### Exercise aim
What are the lines, word for word, from the line with "Altalena 3 in" up to and including the line with "Pimpelmezen op bloesemtak" in the records below? Omit the pictures.

### Working data
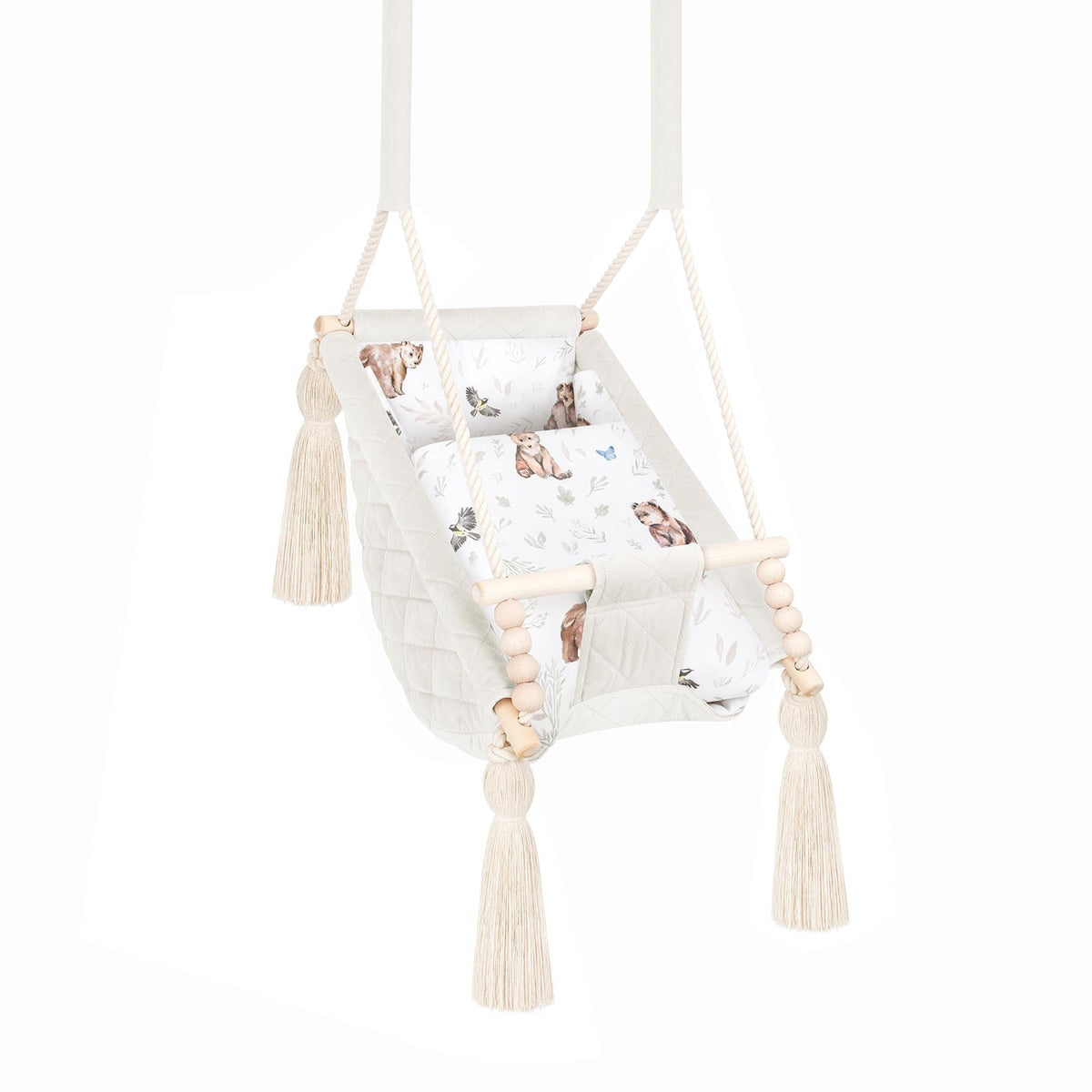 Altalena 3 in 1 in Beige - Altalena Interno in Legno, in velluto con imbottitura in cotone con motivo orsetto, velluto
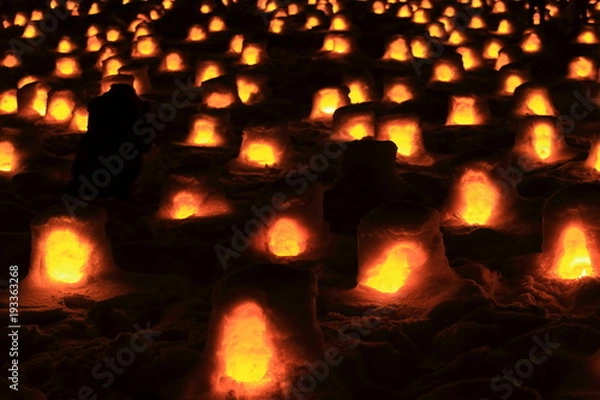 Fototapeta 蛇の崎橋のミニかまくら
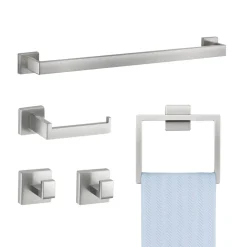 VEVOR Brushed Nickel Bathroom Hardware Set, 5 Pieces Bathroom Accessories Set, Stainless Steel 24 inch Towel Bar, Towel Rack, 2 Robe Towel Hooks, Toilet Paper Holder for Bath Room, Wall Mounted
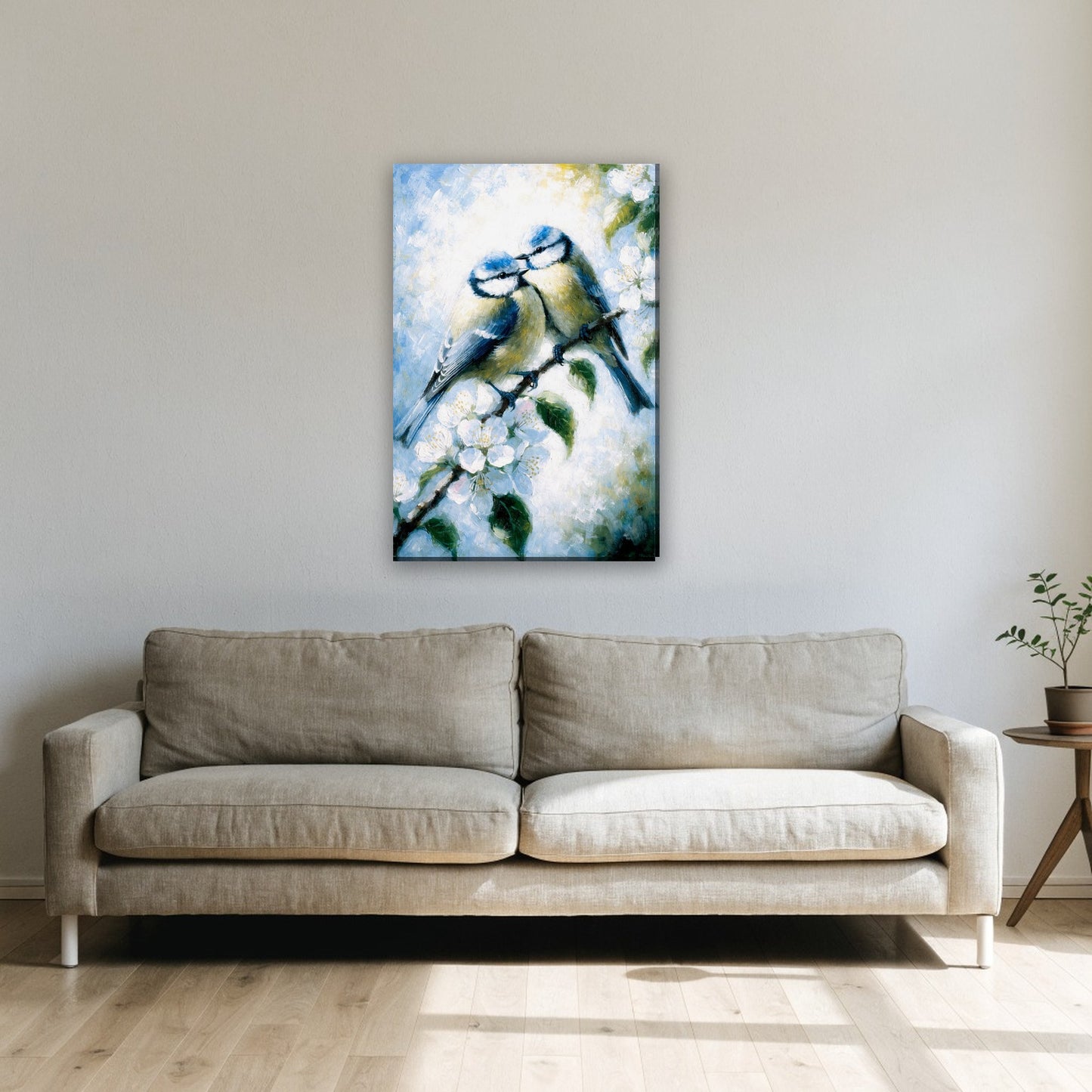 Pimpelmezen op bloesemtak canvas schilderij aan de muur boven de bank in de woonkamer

---

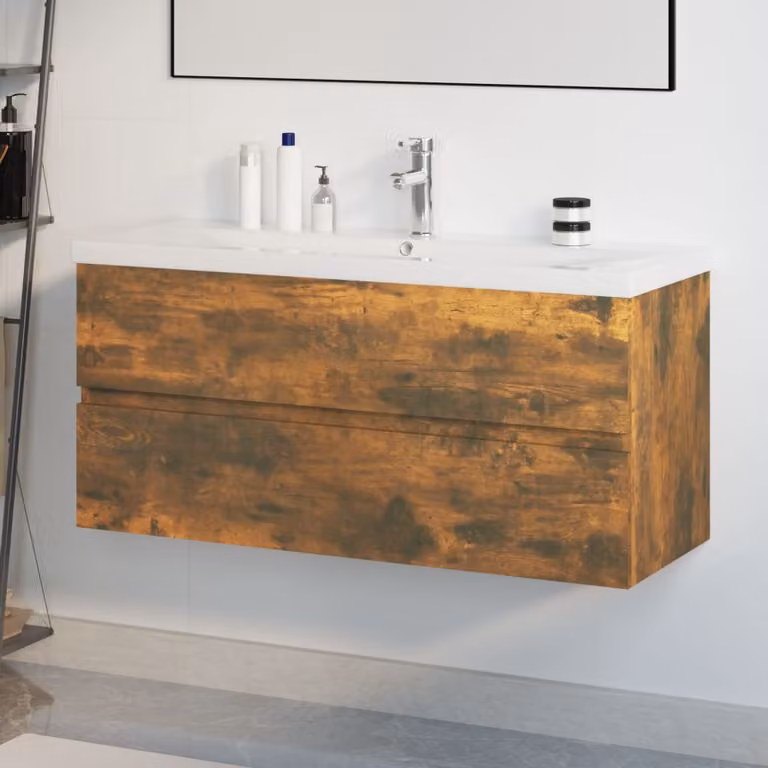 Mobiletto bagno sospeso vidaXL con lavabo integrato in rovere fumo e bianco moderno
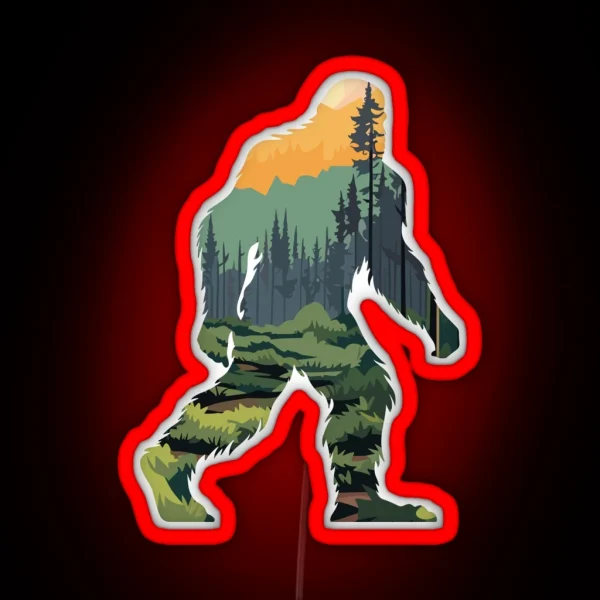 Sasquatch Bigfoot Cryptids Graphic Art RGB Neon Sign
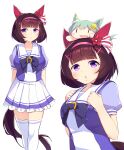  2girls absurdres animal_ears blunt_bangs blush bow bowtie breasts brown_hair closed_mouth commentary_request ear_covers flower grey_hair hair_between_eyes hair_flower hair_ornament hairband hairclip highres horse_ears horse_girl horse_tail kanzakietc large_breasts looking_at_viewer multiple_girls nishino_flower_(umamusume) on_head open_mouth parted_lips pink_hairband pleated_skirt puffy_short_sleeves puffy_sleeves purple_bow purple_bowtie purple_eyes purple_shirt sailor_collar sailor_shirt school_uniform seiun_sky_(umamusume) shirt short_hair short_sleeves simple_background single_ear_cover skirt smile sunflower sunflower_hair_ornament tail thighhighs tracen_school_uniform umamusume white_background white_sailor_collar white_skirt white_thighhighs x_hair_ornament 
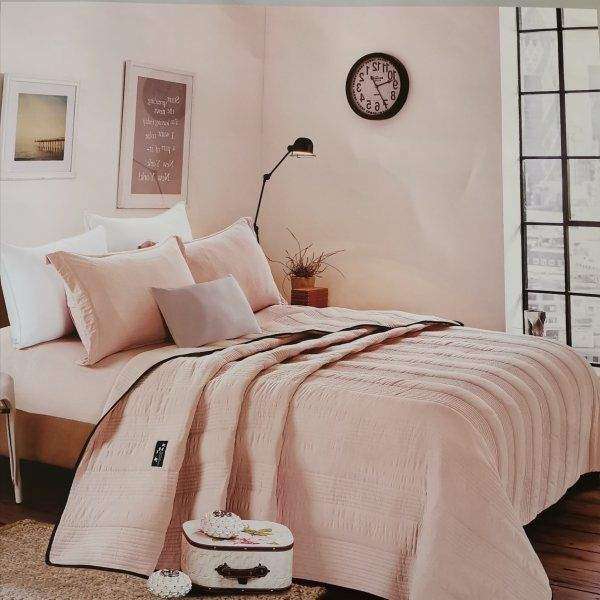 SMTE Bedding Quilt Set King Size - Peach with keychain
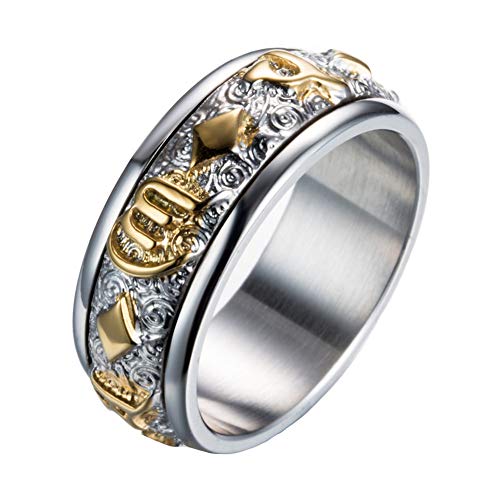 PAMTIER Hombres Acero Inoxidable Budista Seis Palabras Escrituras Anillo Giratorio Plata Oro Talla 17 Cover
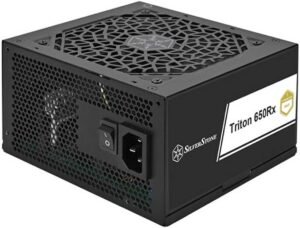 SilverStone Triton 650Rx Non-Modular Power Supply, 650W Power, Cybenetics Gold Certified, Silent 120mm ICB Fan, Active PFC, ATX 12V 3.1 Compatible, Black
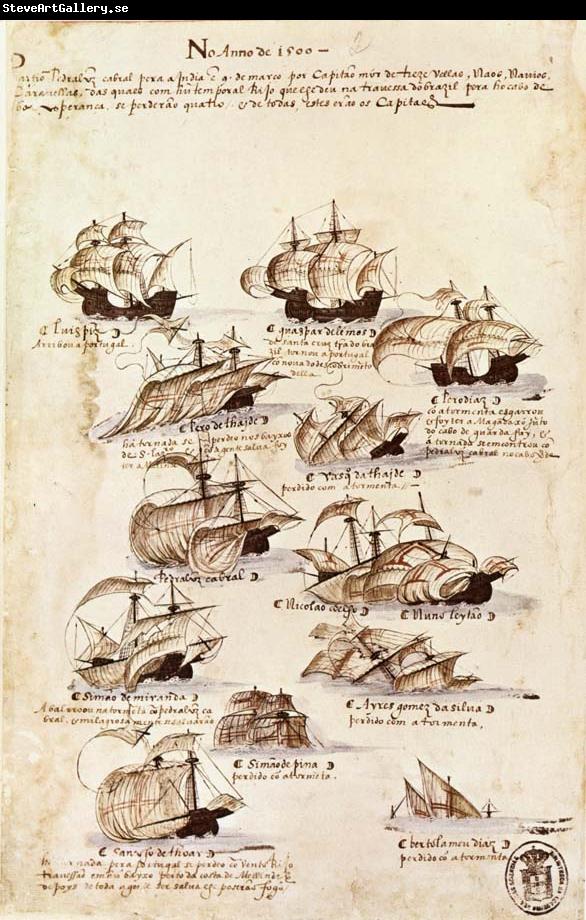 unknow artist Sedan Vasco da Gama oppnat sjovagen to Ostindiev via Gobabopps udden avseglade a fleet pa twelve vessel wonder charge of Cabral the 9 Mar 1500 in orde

---

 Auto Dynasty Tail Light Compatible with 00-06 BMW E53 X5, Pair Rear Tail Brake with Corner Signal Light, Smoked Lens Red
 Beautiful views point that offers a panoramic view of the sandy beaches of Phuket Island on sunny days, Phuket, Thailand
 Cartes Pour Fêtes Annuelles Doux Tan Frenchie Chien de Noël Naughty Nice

### Result of the task
 Altalena 3 in 1 in Beige - Altalena Interno in Legno, in velluto con imbottitura in cotone con motivo orsetto, velluto
 Fototapeta 蛇の崎橋のミニかまくら
 VEVOR Brushed Nickel Bathroom Hardware Set, 5 Pieces Bathroom Accessories Set, Stainless Steel 24 inch Towel Bar, Towel Rack, 2 Robe Towel Hooks, Toilet Paper Holder for Bath Room, Wall Mounted
 Pimpelmezen op bloesemtak canvas schilderij aan de muur boven de bank in de woonkamer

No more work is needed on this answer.